(What to produce): Output, exactly as written, the lines below from the one that has "Picture shows the" through the one that has "Note: Police photo."; nothing else, and no pictures.

(Dataset records):
- Opening Delimiter -
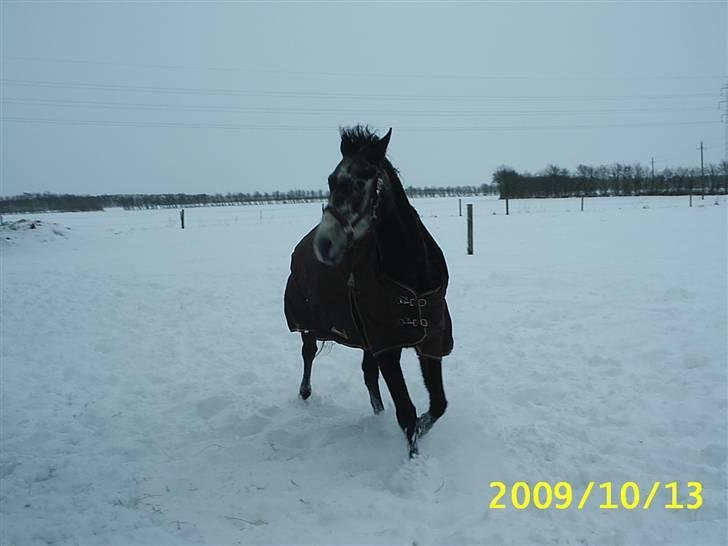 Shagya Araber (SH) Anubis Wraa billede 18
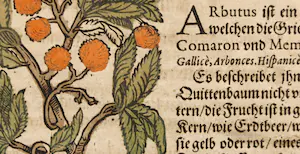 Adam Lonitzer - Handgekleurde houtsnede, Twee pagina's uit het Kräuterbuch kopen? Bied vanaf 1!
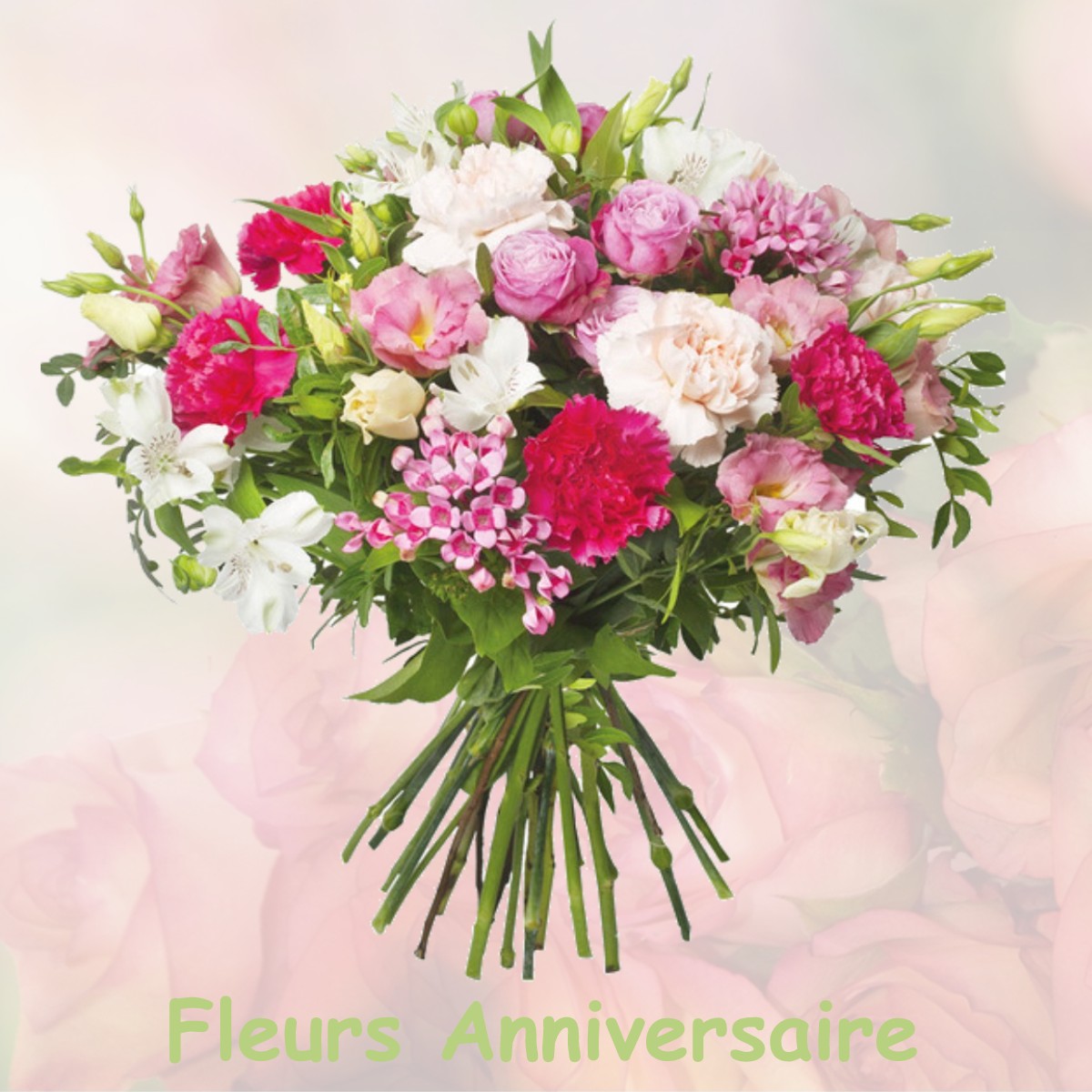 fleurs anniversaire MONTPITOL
- Closing Delimiter -
- Opening Delimiter -
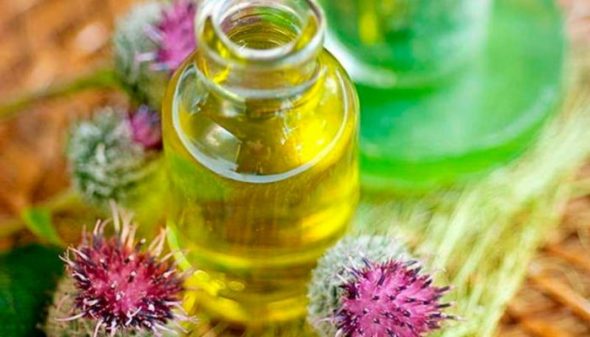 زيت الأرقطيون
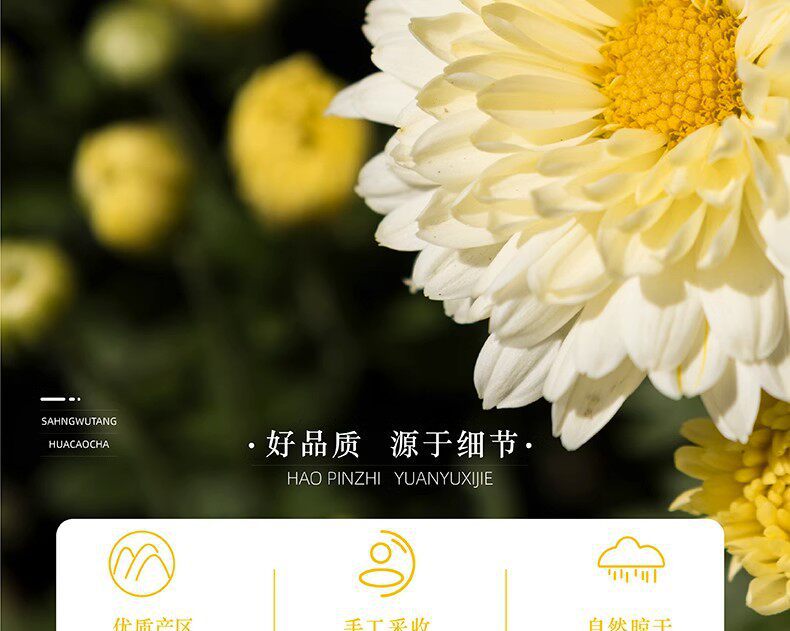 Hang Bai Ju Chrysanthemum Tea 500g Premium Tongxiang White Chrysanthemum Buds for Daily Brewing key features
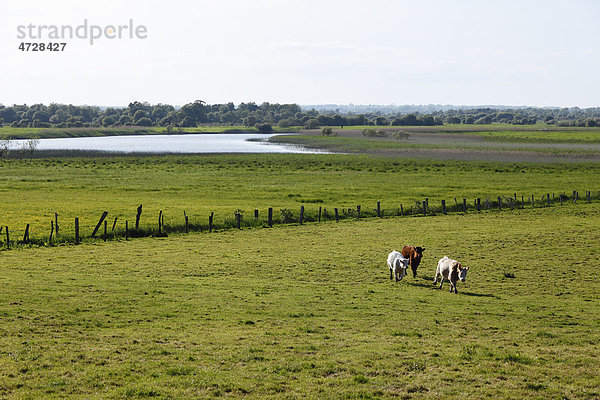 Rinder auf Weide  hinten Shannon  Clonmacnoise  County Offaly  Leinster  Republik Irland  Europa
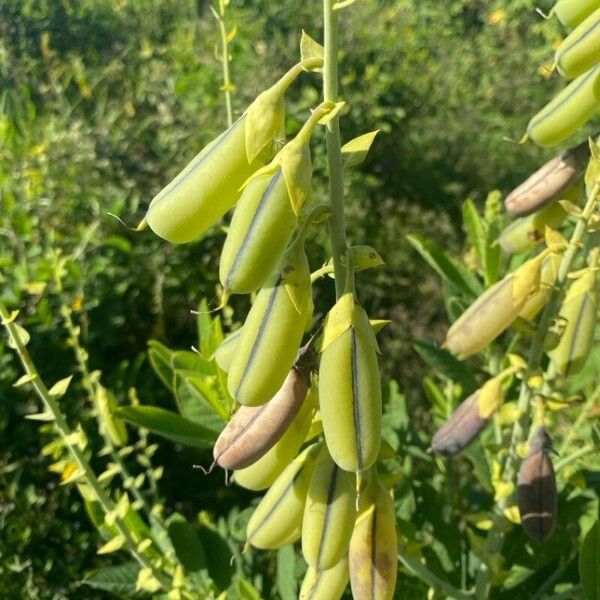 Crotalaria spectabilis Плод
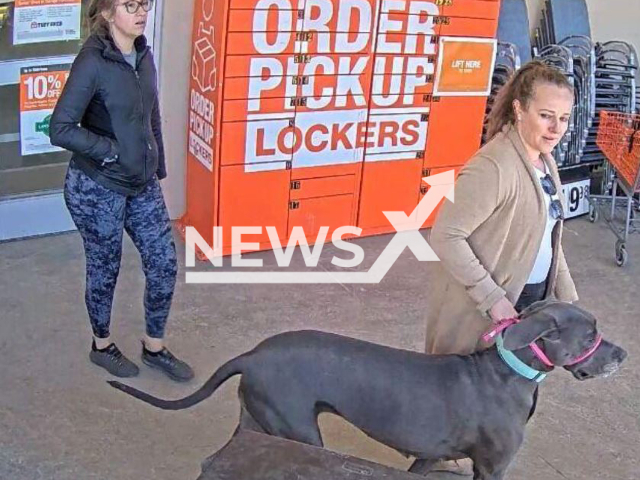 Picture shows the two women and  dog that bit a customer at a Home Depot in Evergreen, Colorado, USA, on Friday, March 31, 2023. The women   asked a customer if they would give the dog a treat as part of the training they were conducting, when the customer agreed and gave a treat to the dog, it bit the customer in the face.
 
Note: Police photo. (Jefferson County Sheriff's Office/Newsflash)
- Closing Delimiter -
(Answer to this problem):
 Picture shows the two women and  dog that bit a customer at a Home Depot in Evergreen, Colorado, USA, on Friday, March 31, 2023. The women   asked a customer if they would give the dog a treat as part of the training they were conducting, when the customer agreed and gave a treat to the dog, it bit the customer in the face.
 
Note: Police photo. (Jefferson County Sheriff's Office/Newsflash)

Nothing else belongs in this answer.